Saved entries:
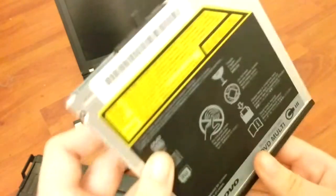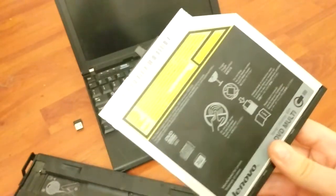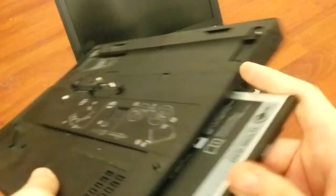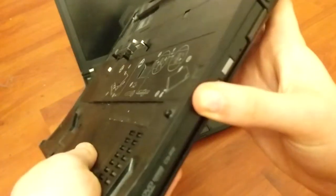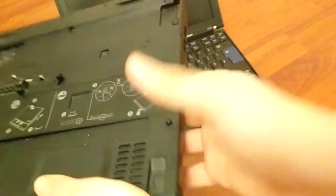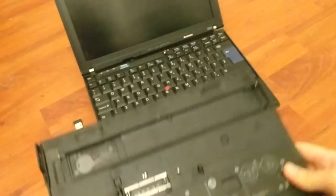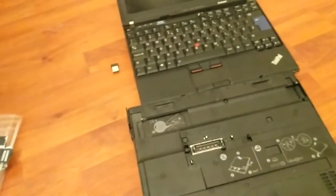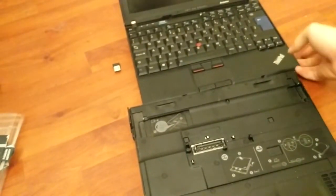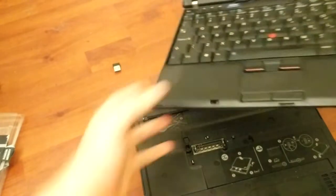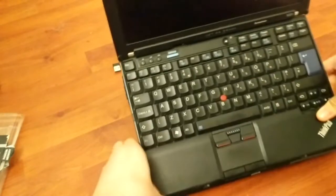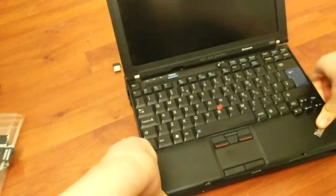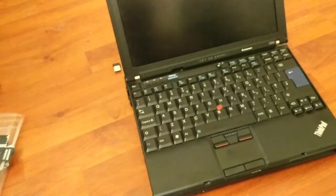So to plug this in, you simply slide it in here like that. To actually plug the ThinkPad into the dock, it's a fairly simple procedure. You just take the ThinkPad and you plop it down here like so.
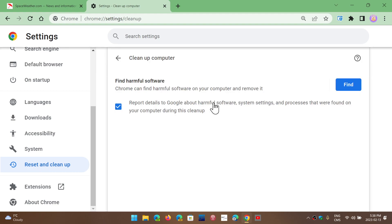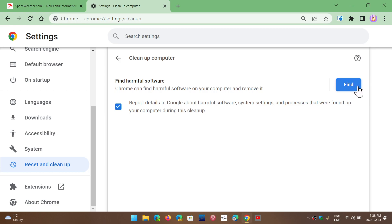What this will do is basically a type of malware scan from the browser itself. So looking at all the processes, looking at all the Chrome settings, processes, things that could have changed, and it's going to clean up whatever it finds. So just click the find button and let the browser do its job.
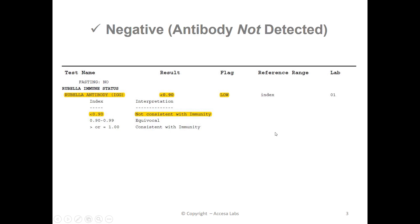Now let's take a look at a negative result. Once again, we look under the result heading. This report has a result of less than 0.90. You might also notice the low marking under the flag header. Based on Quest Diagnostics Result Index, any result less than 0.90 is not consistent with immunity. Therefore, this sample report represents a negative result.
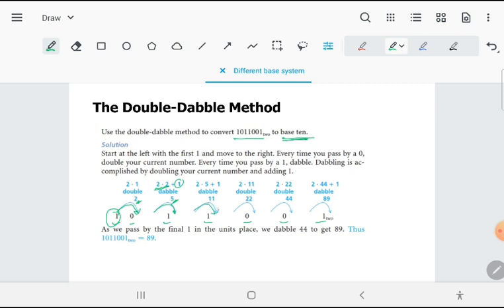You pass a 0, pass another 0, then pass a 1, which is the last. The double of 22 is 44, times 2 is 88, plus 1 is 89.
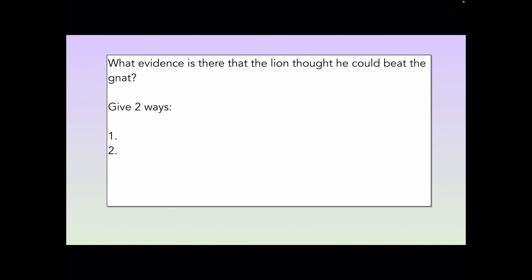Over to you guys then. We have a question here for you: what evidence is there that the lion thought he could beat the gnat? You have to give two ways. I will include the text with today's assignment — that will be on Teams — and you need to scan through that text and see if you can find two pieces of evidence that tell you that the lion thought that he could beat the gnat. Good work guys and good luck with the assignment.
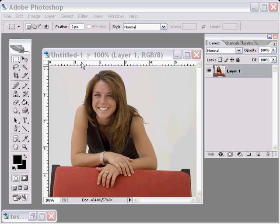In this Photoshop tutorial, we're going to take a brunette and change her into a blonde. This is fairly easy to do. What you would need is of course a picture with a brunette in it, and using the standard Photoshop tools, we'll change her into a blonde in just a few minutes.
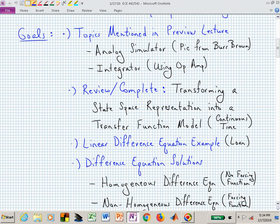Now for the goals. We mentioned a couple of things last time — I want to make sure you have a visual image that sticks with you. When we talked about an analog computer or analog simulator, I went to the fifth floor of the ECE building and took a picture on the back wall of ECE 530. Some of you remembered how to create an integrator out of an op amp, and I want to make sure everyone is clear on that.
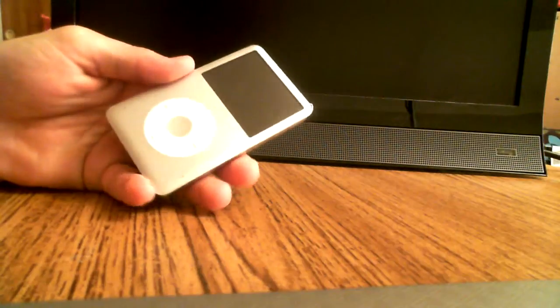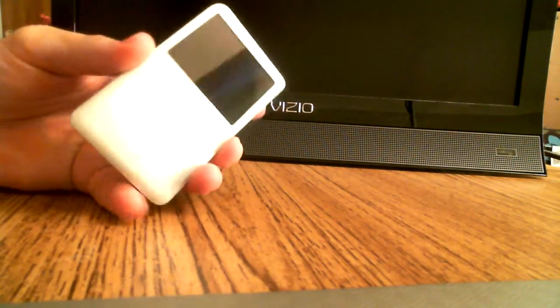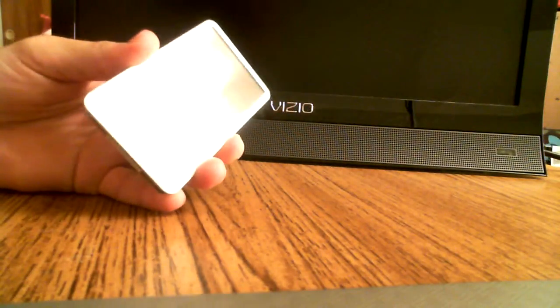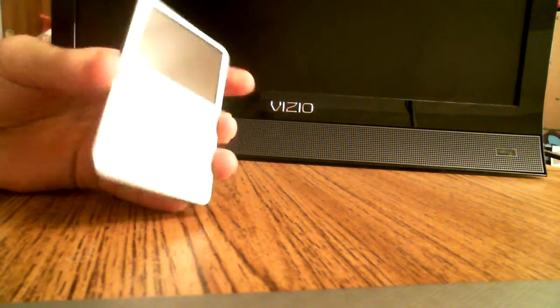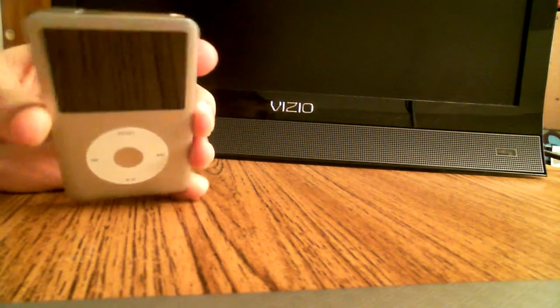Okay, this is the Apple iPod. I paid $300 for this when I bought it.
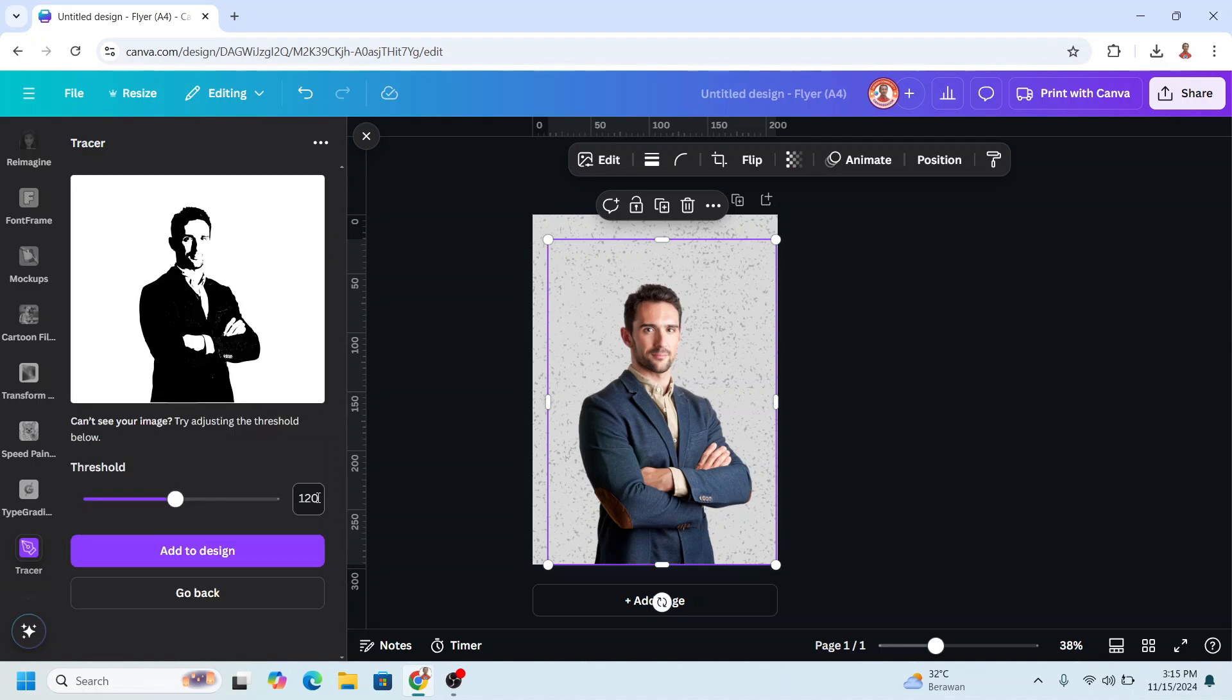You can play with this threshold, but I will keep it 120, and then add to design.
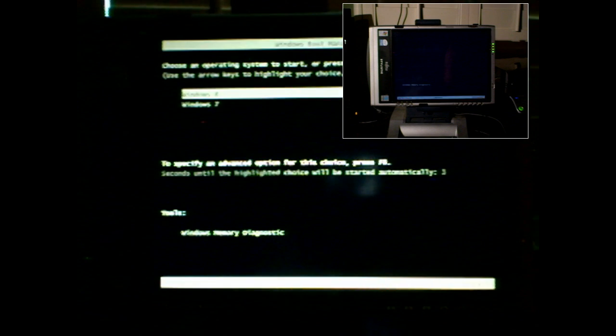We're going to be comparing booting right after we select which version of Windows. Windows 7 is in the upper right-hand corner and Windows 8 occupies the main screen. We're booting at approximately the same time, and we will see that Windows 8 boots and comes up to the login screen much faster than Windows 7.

__What this task involves__
This exercise asks for the data above to be given again exactly, without pictures.

__Result__
So to plug this in, you simply slide it in here like that. To actually plug the ThinkPad into the dock, it's a fairly simple procedure. You just take the ThinkPad and you plop it down here like so.
What this will do is basically a type of malware scan from the browser itself. So looking at all the processes, looking at all the Chrome settings, processes, things that could have changed, and it's going to clean up whatever it finds. So just click the find button and let the browser do its job.
Now let's take a look at a negative result. Once again, we look under the result heading. This report has a result of less than 0.90. You might also notice the low marking under the flag header. Based on Quest Diagnostics Result Index, any result less than 0.90 is not consistent with immunity. Therefore, this sample report represents a negative result.
You pass a 0, pass another 0, then pass a 1, which is the last. The double of 22 is 44, times 2 is 88, plus 1 is 89.
Over to you guys then. We have a question here for you: what evidence is there that the lion thought he could beat the gnat? You have to give two ways. I will include the text with today's assignment — that will be on Teams — and you need to scan through that text and see if you can find two pieces of evidence that tell you that the lion thought that he could beat the gnat. Good work guys and good luck with the assignment.
In this Photoshop tutorial, we're going to take a brunette and change her into a blonde. This is fairly easy to do. What you would need is of course a picture with a brunette in it, and using the standard Photoshop tools, we'll change her into a blonde in just a few minutes.
Now for the goals. We mentioned a couple of things last time — I want to make sure you have a visual image that sticks with you. When we talked about an analog computer or analog simulator, I went to the fifth floor of the ECE building and took a picture on the back wall of ECE 530. Some of you remembered how to create an integrator out of an op amp, and I want to make sure everyone is clear on that.
Okay, this is the Apple iPod. I paid $300 for this when I bought it.
You can play with this threshold, but I will keep it 120, and then add to design.
We're going to be comparing booting right after we select which version of Windows. Windows 7 is in the upper right-hand corner and Windows 8 occupies the main screen. We're booting at approximately the same time, and we will see that Windows 8 boots and comes up to the login screen much faster than Windows 7.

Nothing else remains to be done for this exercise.